Beatrice Alemagna : Vous arrive-t-il de vous mettre en colère devant certains livres pour enfants ?
Brigitte Minne : Oui, certaines histoires sont très belles mais s'adressent plus à une femme de 40 ans qu'à une enfant de 12. Mais en dehors de ça, tout est possible avec les enfants, ils choisissent eux-mêmes. Par exemple, mon fils à une époque ne regardait que des films de Stallone ou Scwartzeneger, aujourd'hui il a 19 ans et il reconnaît qu'il apprécie des films de Fellini par exemple, ça n'aurait servi à rien que je lui dise à l'époque que c'était nul.
Beatrice Alemagna : Vous publiez en Flandre et en France, quelle différence faites-vous entre l'édition jeunesse en Flandre et en France ?
Brigitte Minne : Je n'ai pas d'opinion juste là-dessus, mais ce qui me frappe, c'est que plus on descend dans le sud et plus la mentalité change, est moins stricte. En Flandre, dans les écoles, les écoliers sont rangés bien sagement par deux, en Wallonie il y a déjà plus de chahut. Je trouve que les éditeurs wallons sont peut-être un peu plus souples.
Beatrice Alemagna : Pour finir, je voudrais vous demander quelle question j'ai oublié de vous poser…
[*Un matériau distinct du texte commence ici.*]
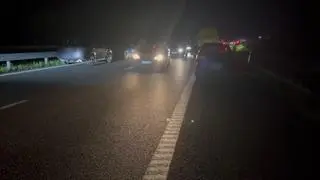 Kierowcy jechali korytarzem życia po wypadku na trasie S7 pod Kielcami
Brigitte Minne : " Est-ce qu'écrire m'a rendue riche ? " ! Je vous aurais répondu que j'ai des milliers de toilettes, que je roule en Lamborghini, que j'ai une piscine immense… C'est faux bien sûr, quand quelqu'un écrit, on dit " c'est une personne qui a de la fantaisie " Non, je ne peux pas dire que je me sois enrichie avec mes livres, mais je travaille avec plaisir et je n'ai besoin de rien de particulier, ma richesse est tout autre.